P.L.Dans les projets DSA et DMA, il y a en germe les éléments d’un nouveau statut des plateformes. D’abord, il est reconnu que certaines plateformes, de par leur importance, sont dans une catégorie à part. Rappelons qu’en France, Google détient 93% de parts de marché de la recherche sur Internet, le search. Il est facile de dire que la concurrence est à un clic, mais quand le consommateur ne sait même pas quel est le clic d’à côté, il n’y a pas de concurrence. Facebook, avec plus de 3 milliards d’utilisateurs, est l’Agora du monde. L’Agora du monde ne mérite-t-elle pas d’être un peu régulée ? 

“Facebook, avec plus de 3 milliards d’utilisateurs, est l’Agora du monde. L’Agora du monde ne mérite-t-elle pas d’être un peu régulée ?” 

Ils s’en rendent compte. Facebook a créé sa propre Cour suprême. Mais ce n’est pas forcément bien non plus. Les plateformes doivent rentrer dans le champ de la loi. Le DSA et le DMA vont leur apporter un statut de “gatekeepers”, de gardiens du portail, c’est-à-dire un statut de responsabilité et d’exigence renforcée de veiller à ne pas publier des contenus délictueux ou qui peuvent avoir un impact sur la démocratie. 

La qualité de l’information sur les réseaux 

J-M.C. Cela pourrait être la nouvelle étape.

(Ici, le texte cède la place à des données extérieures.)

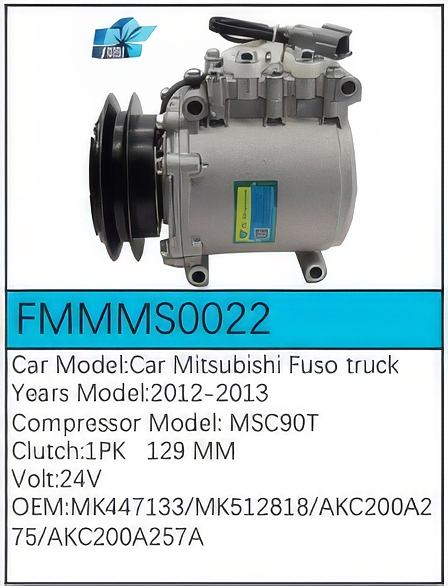 PartzBiz CE: -Compressor for Mitsubishi - FMMMS0022 PartzBiz CE: -Compressor for Mitsubishi - FMMMS0022
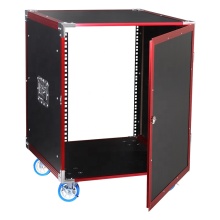 Folding 12U Aluminum Wheeled Flight Case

Il y a encore un trou béant pour normaliser la qualité de l’information sur les réseaux. Facebook, Google, Twitter et Jack Dorsey semblent y songer. Ils veulent instaurer leurs propres règles de régulation de qualité de contenu. 
P.L. Il y a la qualité et la nature des contenus proposés. La qualité garantit une presse vibrante, avec des newsrooms, des rédactions, des journalistes qui puissent faire leur métier dans des bonnes conditions. 

L’union, un combat dans la presse 

P.L. Les plateformes conduisent la presse française à élever son niveau de jeu. D’abord en étant un peu plus solidaire, moins critique, caustique et fragmenté. C’est ce que l’Alliance de la presse a voulu faire en rassemblant quatre syndicats. Il y a eu des coups de canif dans l’Alliance et nous allons la reconstituer de façon plus large, même si c’est parfois absolument épouvantable pour se mettre d’accord. L’union est un combat dans la presse. Les éditeurs doivent se donner les moyens d’aller voir en profondeur comment fonctionnent ces grands acteurs, et notamment la mécanique de leurs algorithmes dont dépendent les revenus publicitaires. 

“Les plateformes conduisent la presse française à élever son niveau de jeu. D’abord en étant un peu plus solidaire, moins critique, caustique et fragmenté” 

Par exemple, Facebook propose des contenus en fonction de ceux qui ont déjà été regardés. L’algorithme est une mécanique à créer de l’engagement, c’est-à-dire à faire venir, revenir et rester l’utilisateur le plus longtemps possible pour générer davantage de revenus publicitaires. Allons au cœur de ces algorithmes en nous disant que du point de vue de l’information et des opinions démocratiques, il n’est pas bon de se voir toujours proposer le même type de contenus, voire éventuellement plus durs. Ce fonctionnement enferme les individus dans des sillons sans possibilité de partage d’opinions. Pour la démocratie, cette logique représente un danger qui pourrait faire l’objet de travaux, et pourquoi pas juridique.